Task inputs.
%%
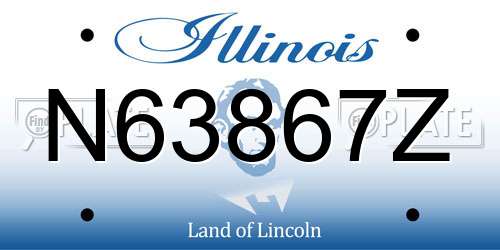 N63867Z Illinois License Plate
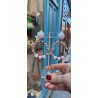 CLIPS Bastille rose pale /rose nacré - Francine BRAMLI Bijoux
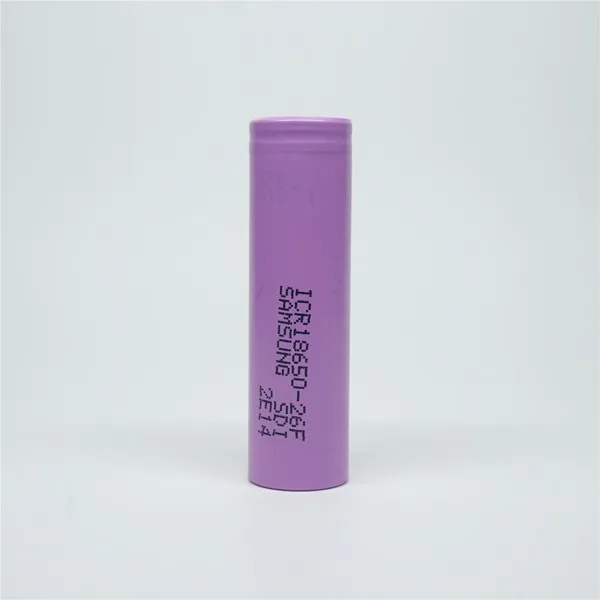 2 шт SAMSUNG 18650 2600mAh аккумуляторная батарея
%%
%%
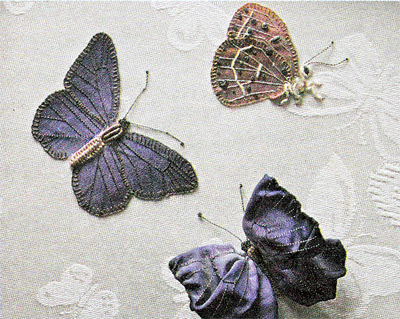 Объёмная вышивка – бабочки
%%
Work order.
Start at the line above containing "CLIPS Bastille rose" and stop at the line containing "2 шт SAMSUNG": print those lines and everything between them exactly, but not the pictures.

Your response.
 CLIPS Bastille rose pale /rose nacré - Francine BRAMLI Bijoux
 2 шт SAMSUNG 18650 2600mAh аккумуляторная батарея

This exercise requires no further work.